London Borough of Sutton (25 011 825)
Category : Environment and regulation > Refuse and recycling
Decision : Closed after initial enquiries
Decision date : 16 Jan 2026
The Ombudsman's final decision:
Summary: We will not investigate Miss Y’s complaint about a missed household waste collection. There is insufficient injustice to justify our involvement and it is unlikely we could add to the Council’s investigation.
The complaint
- Miss Y complains about how the Council handled her report of a missed household waste collection. She says this caused stress, inconvenience, and costs arranging a private waste collection. She wants the Council to apologise, review its procedures, and pay compensation.
The Ombudsman’s role and powers
- We investigate complaints about ‘maladministration’ and ‘service failure’, which we call ‘fault’. We must also consider whether any fault has had an adverse impact on the person making the complaint, which we call ‘injustice’. We provide a free service, but must use public money carefully. We do not start or continue an investigation if we decide:
- any injustice is not significant enough to justify our involvement, or
- we could not add to any previous investigation by the organisation.
(Local Government Act 1974, section 24A(6), as amended, section 34(B))
How I considered this complaint
- I considered information provided by the complainant, and the Ombudsman’s Assessment Code.
My assessment
- In its complaint response, the Council accepted it had missed a collection and partially upheld Miss Y’s complaint. It said it had arranged an additional collection in response, but there was no waste presented for collection on the relevant date.
- It said during its investigation, Miss Y had told the Council it was a House in Multiple Occupation (HMO), but the property’s landlord did not hold a valid HMO licence. It confirmed it had contacted the landlord about this, and the landlord had now applied for the licence. It said it would review the property’s collection service if the application was successful, so any additional waste resulting from multiple occupancy would be collected.
- The Council also confirmed it had ensured Miss Y could report any future missed collections for the property via its online service.
- We will not investigate this complaint.

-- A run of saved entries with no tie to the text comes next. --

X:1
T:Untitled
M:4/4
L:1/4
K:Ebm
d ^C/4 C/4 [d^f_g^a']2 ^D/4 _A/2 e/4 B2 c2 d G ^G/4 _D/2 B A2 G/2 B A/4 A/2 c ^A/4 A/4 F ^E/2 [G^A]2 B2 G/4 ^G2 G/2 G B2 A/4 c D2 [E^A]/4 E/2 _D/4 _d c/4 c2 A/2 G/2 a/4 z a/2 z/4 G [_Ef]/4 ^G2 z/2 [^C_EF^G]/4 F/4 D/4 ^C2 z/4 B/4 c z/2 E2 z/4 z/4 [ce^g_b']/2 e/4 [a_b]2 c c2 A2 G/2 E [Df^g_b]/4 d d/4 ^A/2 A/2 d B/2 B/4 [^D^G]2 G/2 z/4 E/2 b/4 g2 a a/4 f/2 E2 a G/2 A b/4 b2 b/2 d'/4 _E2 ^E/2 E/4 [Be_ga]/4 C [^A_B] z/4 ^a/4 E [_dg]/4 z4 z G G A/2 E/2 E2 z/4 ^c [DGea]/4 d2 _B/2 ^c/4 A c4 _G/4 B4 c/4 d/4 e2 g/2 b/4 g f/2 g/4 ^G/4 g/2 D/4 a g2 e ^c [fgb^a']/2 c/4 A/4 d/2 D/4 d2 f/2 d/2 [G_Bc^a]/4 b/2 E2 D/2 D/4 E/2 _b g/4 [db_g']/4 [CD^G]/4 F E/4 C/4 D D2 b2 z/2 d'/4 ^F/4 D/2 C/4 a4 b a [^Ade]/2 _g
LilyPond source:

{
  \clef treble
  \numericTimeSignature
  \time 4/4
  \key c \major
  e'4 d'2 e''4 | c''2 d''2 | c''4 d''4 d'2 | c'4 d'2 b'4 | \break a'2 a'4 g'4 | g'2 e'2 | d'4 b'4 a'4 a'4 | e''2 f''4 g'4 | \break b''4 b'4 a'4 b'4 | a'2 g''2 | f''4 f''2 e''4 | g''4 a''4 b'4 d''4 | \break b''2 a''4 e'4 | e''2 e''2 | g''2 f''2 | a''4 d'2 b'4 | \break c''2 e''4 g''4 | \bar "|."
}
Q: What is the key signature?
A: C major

Our role is to consider complaints where the person bringing the complaint has suffered significant personal injustice as a direct result of the actions or inactions of the organisation. Although I accept this matter caused Miss Y frustration and inconvenience, I do not consider the threshold for investigation is met by one missed waste collection. It was Miss Y’s choice to arrange a private waste collection, so it is unlikely we would ask the Council to compensate her for this.
- Furthermore, the Council took action to address the missed collection and investigate the reasons it happened. It took steps to prevent missed collections for the property in future and to improve the reporting process for any such instances. It is therefore unlikely we could add to its investigation and response.
Final decision
- We will not investigate Miss Y’s complaint because there is insufficient injustice to justify our involvement and it is unlikely we could add to the Council’s investigation.